The Osprey also beat me home.  Luckily neighbors on both sides have platforms just off shore, so there was no need for me to crowd in another.  The fishing prowess and flight antics will provide a wonderful show all summer.  I’ve often wondered about their migration, given the year-round Osprey and active nests I see along Florida’s gulf coast all winter.

Northern Cardinal, Cardinalis cardinalis

I’ve learned that those Florida Osprey have become a non-migratory population, whereas our Chesapeake birds have wintered further south in the Caribbean and Central America.  As they overfly Florida you wonder if they ever look down with envy at their cousins who are enjoying a more sedentary life in the sunshine state.

Canada Geese, Branta canadensis

Speaking of nonmigratory, please make those ornery residential Canada Geese go away.  Every year their ranks grow and these bold, fat birds refuse to yield when I return home.  They’re giving geese a bad name in these parts.  The fall-seeded lawn is practically bare from their work and their turds fill the pool.  They are not dumb and have figured out that a half dozen in the middle of the mesh pool cover weighs it down enough to create their own private pond.  They have the audacity to honk at me when I break up the party and chase them away.  I did notice only one small gosling in the flock this year.  The Red Fox did look well fed when he pranced by yesterday.

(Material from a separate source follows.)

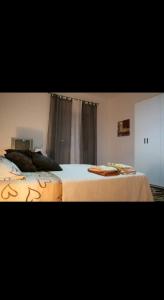 two beds sitting next to each other in a room at Gemma del salento in Sternatia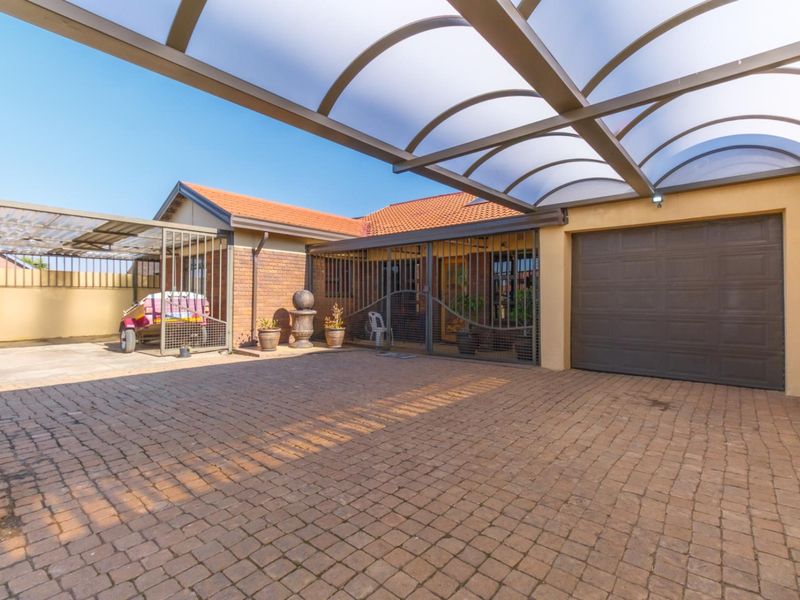 A paved driveway area featuring a covered carport structure, secure metal gates, and a single garage door, providing ample off-street parking.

Chipping Sparrow, Spizella passerina

The loud keyew, keyew, of the Osprey dominates the avian chorus on the waterside, but the newly arrive Chipping Sparrow holds its own on the land side of the patch, even among the residential choir of Northern Mockingbirds, Cardinals, and Carolina Wrens.  There seems to be more than ever of these rufous-headed migrators in the Loblolly pines.  They’ve wintered along the southern U.S. border, Mexico, and Central America.

Least Tern, Sterna antillarum

The Least Terns I saw fighting over a small fish, scolding each other with their high-pitched chippering, are also new arrivals.  Their wintering grounds are not well established, but is likely off the coasts of Caribbean islands and Central America.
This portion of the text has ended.